Jackie: Dir. Pablo Larrain
Produced by Darren Aronofsky and starring Natalie Portman, “Jackie” is a daring nontraditional biopic of Jacqueline Kennedy in the direct aftermath of her husband’s assassination. Directed by Chilean Pablo Larrain, who previous directed the sensational Spanish-language films “The Club” and “No.” Also, not to go unnoticed, it also has a soundtrack from Mica Levi, whose unsettling score to “Under the Skin” was easily one of the best of this young century. Take Guy Lodge from Variety’s word for it:
Eschewing standard biopic form at every turn, this brilliantly constructed, diamond-hard character study observes the exhausted, conflicted Jackie as she attempts to disentangle her own perspective, her own legacy, and, perhaps hardest of all, her own grief from a tragedy shared by millions. Provocative and entirely unsentimental in the speculative voice given to its subject’s most private thoughts on marriage, faith, and self-image, and galvanized by Natalie Portman’s complex, meticulously shaded work in the lead, “Jackie” may alienate viewers expecting a more conventionally sympathetic slab of filmed history. But in his first English-language project, Chilean director Larraín’s status as the most daring and prodigious political filmmaker of his generation remains undimmed.

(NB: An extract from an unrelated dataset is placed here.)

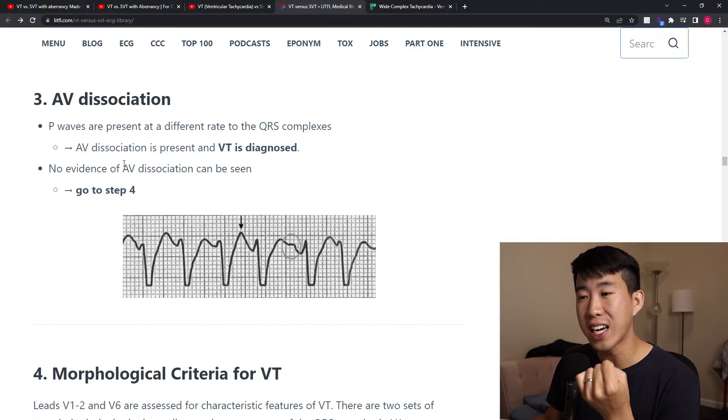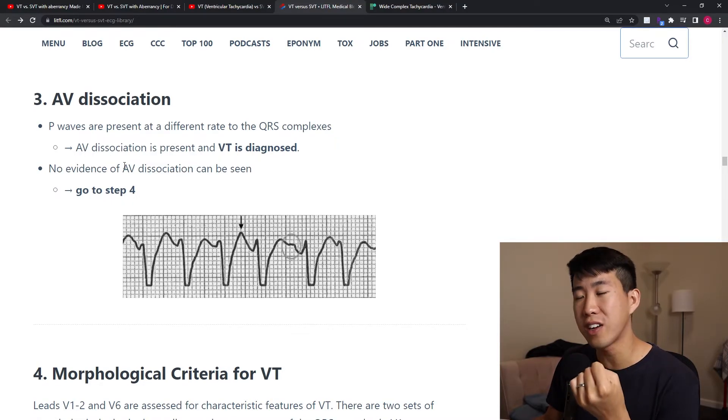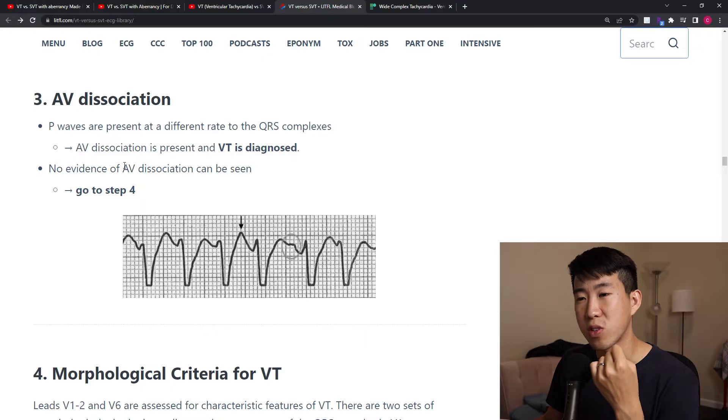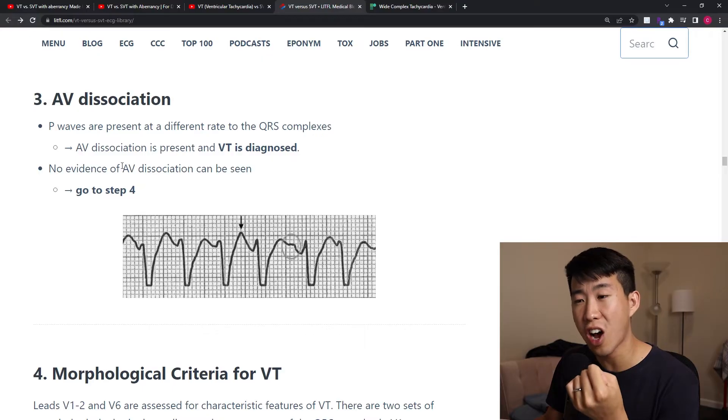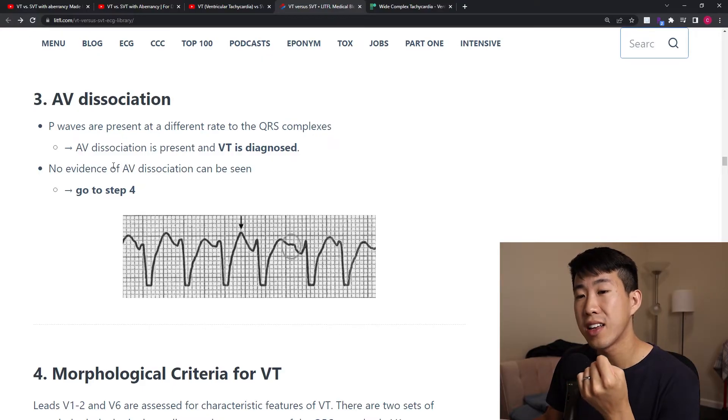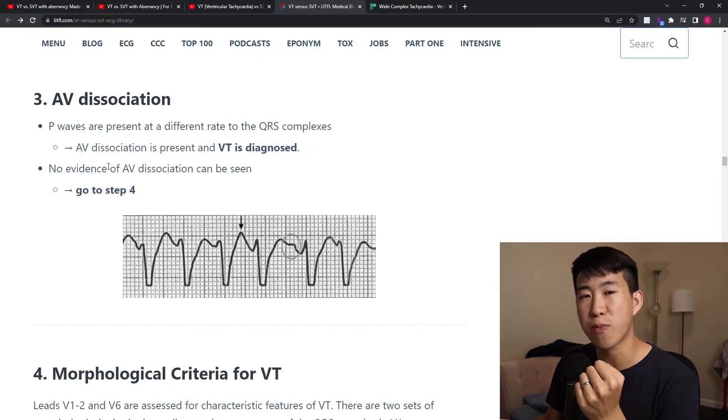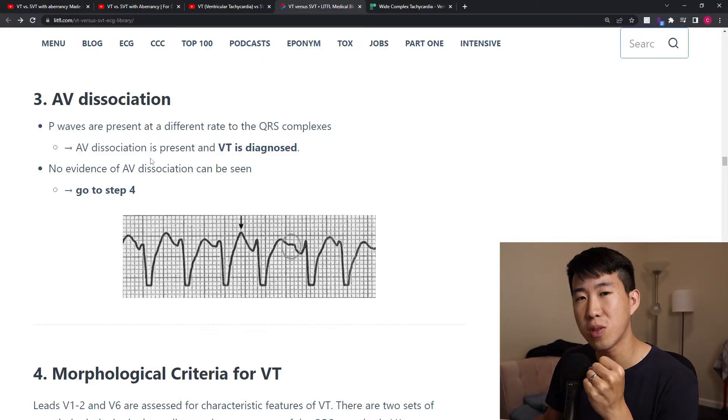If none of these are positive — no concordance, RS interval under 100 ms, and no AV dissociation — then we go to step four, which is a bit more involved: assessing morphological criteria for VT.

Manchester by the Sea: Dir. Kenneth Lonergan
Kenneth Lonergan might be the best director you’ve never heard of. He’s made just two movies, the last of which, “Margaret,” spent over six years floundering in post-production and a legal quagmire when he didn’t see eye-to-eye with the financier on the the final version of his cut. That would kill most movies, but when he finally won a meager release of his cut, it was hailed as a masterpiece. So anticipation for his follow-up, “Manchester by the Sea,” is beyond high and reviews have been soaring. Variety’s Justin Chang says:
The persistence of grief and the hope of redemption are themes as timeless as dramaturgy itself, but rarely do they summon forth the kind of extraordinary swirl of love, anger, tenderness and brittle humor that is “Manchester by the Sea,” Kenneth Lonergan’s beautifully textured, richly enveloping drama about how a death in the family forces a small-town New Englander to confront a past tragedy anew. That rather diagrammatic description does little justice to Lonergan’s ever-incisive ear for the rhythms of human conversation, as he orchestrates an unruly suite of alternately sympathetic and hectoring voices — all of which stand in furious contrast to Casey Affleck’s bone-deep performance as a man whom loss has all but petrified into silence. Giving flesh and blood to the idea that life goes on even when it no longer seems worth living, “Manchester” may be too sprawling a vision for all arthouse tastes, but Lonergan’s many champions are scarcely the only viewers who will be stirred by this superbly grounded and acted third effort.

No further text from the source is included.